The irony in the occasion -- patrons and gourmands gathering at a mansion high in the hills of the country's fifth wealthiest county to celebrate a movie about isolated "cracker" communities populating rural Florida's rapidly disappearing natural landscape -- was as palpable as the fine flavors in the dishes savored and the potency of the drinks imbibed. The setting was sumptuous, and the food, a massive spread of snacks and platters tucked into nooks along paths and clearings in the large backyard, proved worth the trek. Especially Morgan Maki's venison and boar roasts, lavender shortbread cookies, and an endless parade of beehive-oven pizzas topped with chanterelles, hen of the woods mushrooms, thyme, olive oil, and Bellwether Crescenza cheese. The best thing we ate, however, had to be the crispy alligator bites fried up by Linh Phu of Flour + Water. Skewered, they were soft and chewy, sort of like clam strips, a sweet, subtle canvas for hot sauce dribbles and lemon squirts.

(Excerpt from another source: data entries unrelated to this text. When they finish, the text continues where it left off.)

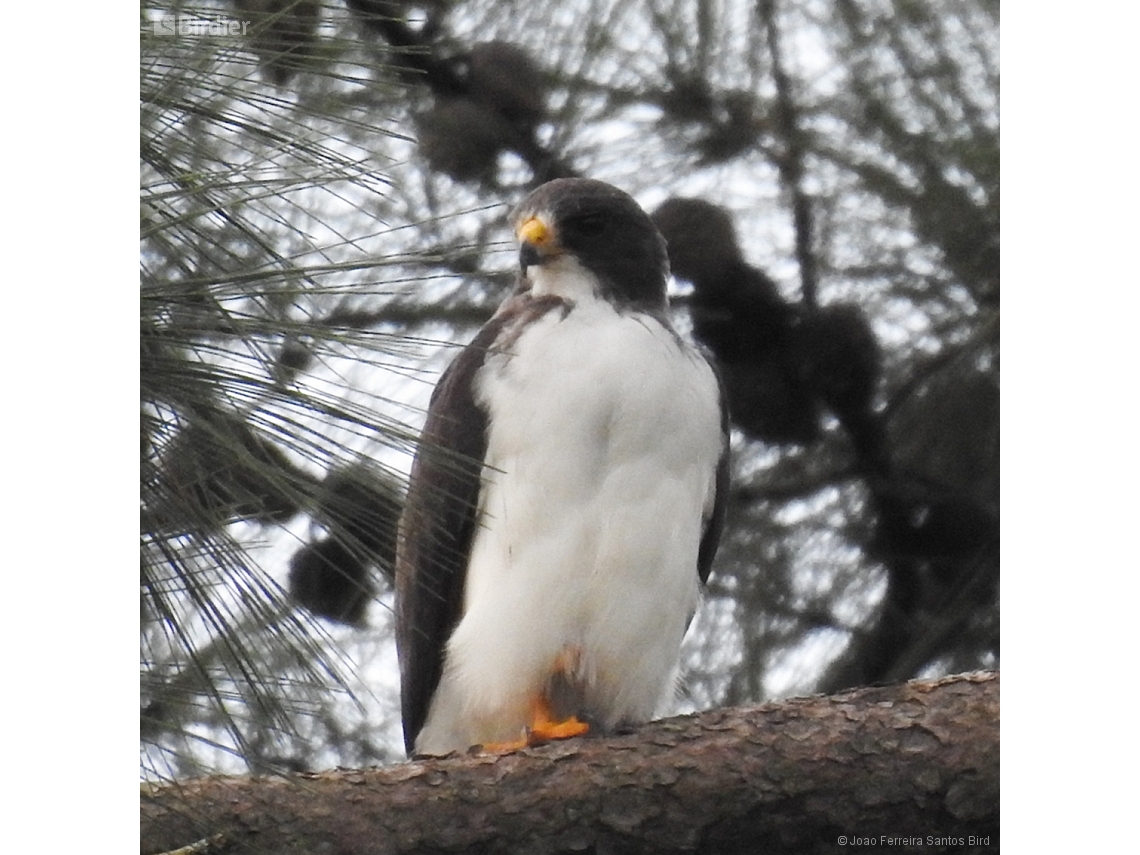 Buteo brachyurus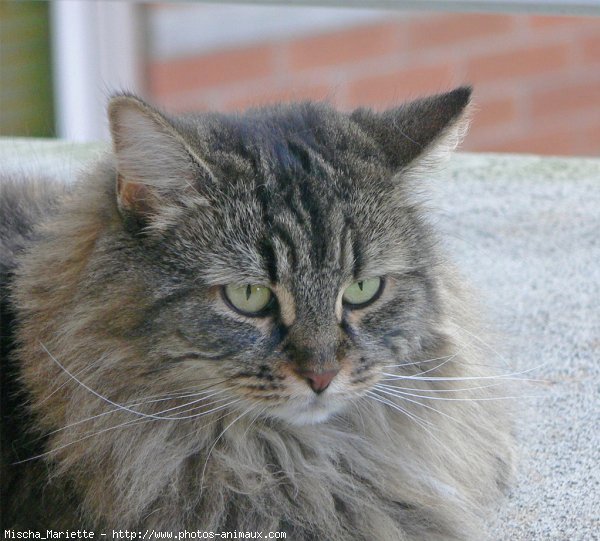 Photo de Chat domestique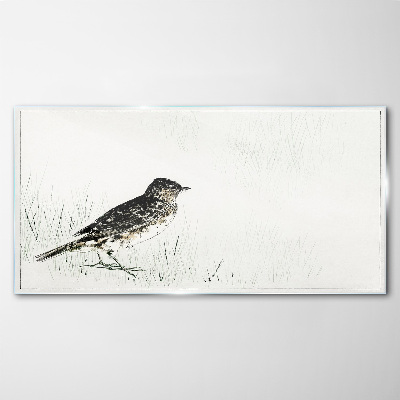 Bird on the grass background Glass Print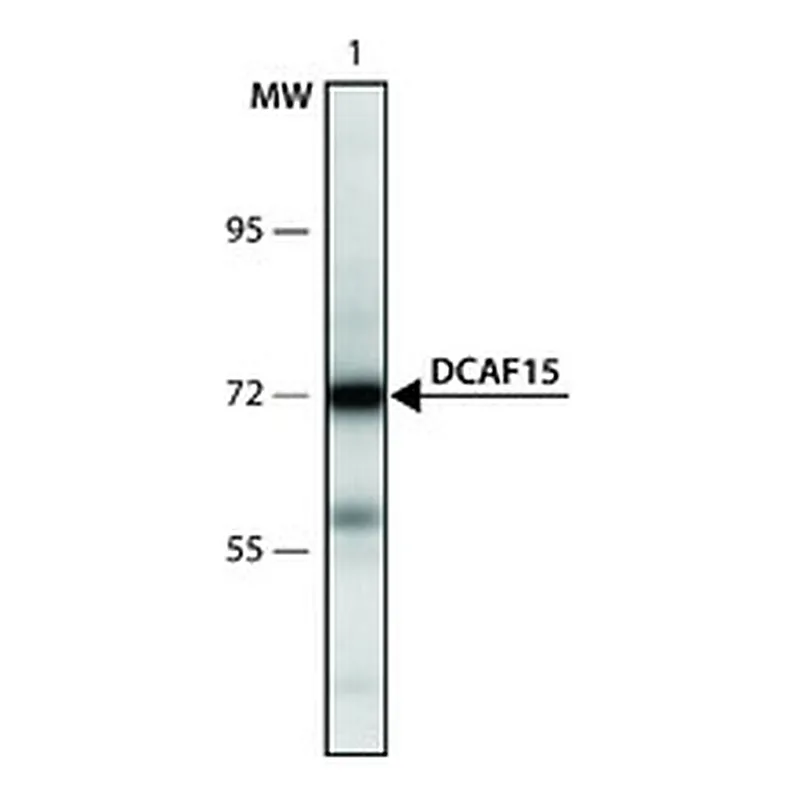 Merck ANTI-DCAF15 (567-580)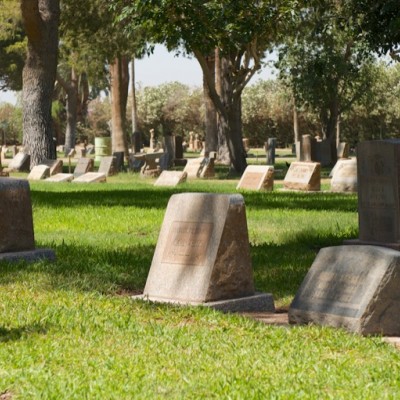 Tombstones sitting under a large tree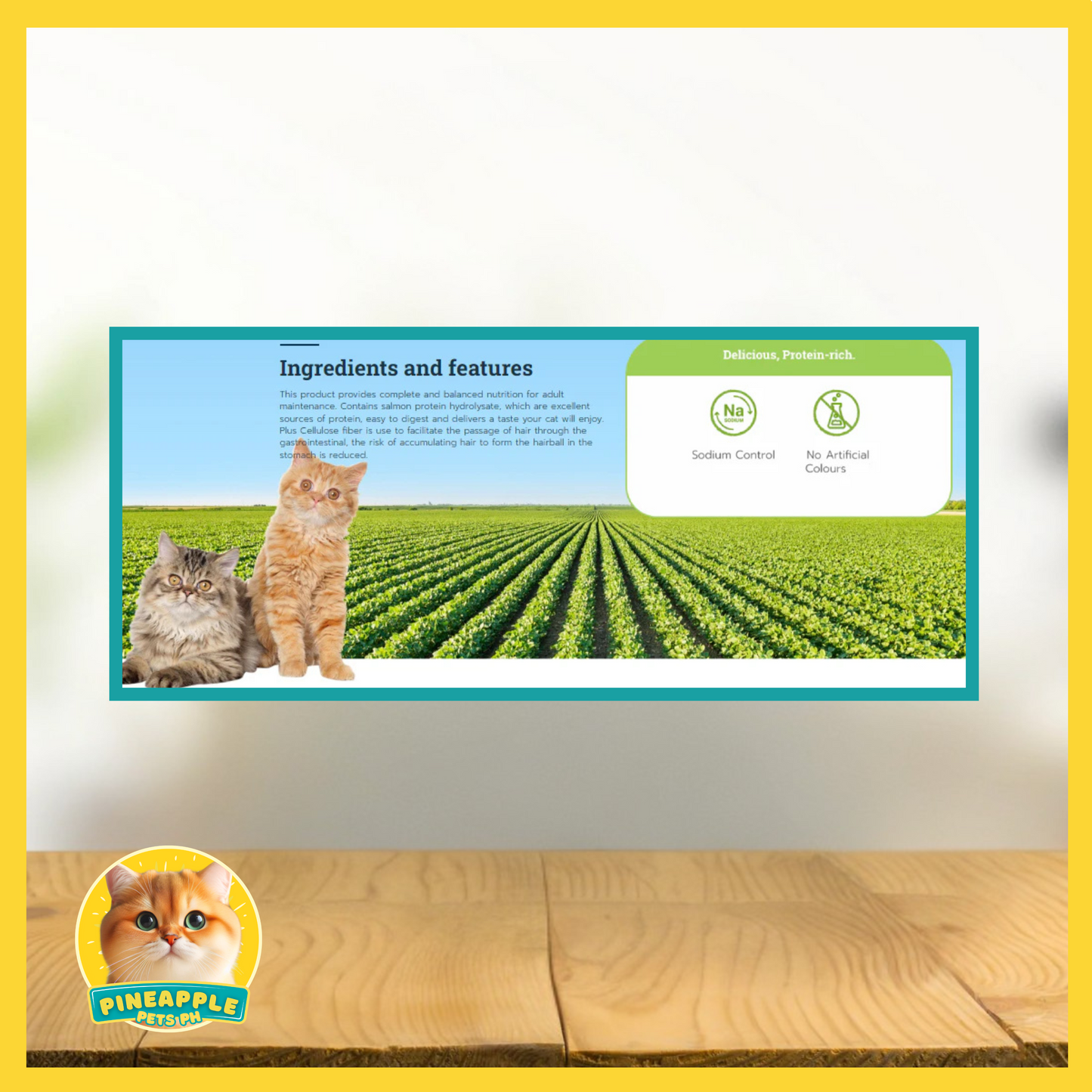 Buzz Kitten & Pregnant Cat Food 3kg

In addition, this blogger had the honor of weighing in on a jerky-crafting contest rather dangerously dubbed a Jerk Off. In our judgely capacity, we picked the Marin Suns Farms entry, citing its deep, rich taste and agreeably balanced union of jerky-appropriate essences with a welcome dearth of overbold one-dimensional flavors jutting out from the mix. Early in the evening, as we were face-deep in a mug of mead, we'd overheard a man grousing very loudly to his companions, histrionically slamming our favorite jerky for off-putting saltiness. We briefly fretted over our mead-scarred palette, but felt vindicated when the selection tied for first in the popular vote with Maria Finn's brittle, sugary sockeye salmon Squaw Candy. We also learned that the complainer had to have been joking.
He was, as it turned out, Nate Dorris, the man who'd made the jerky we'd chosen.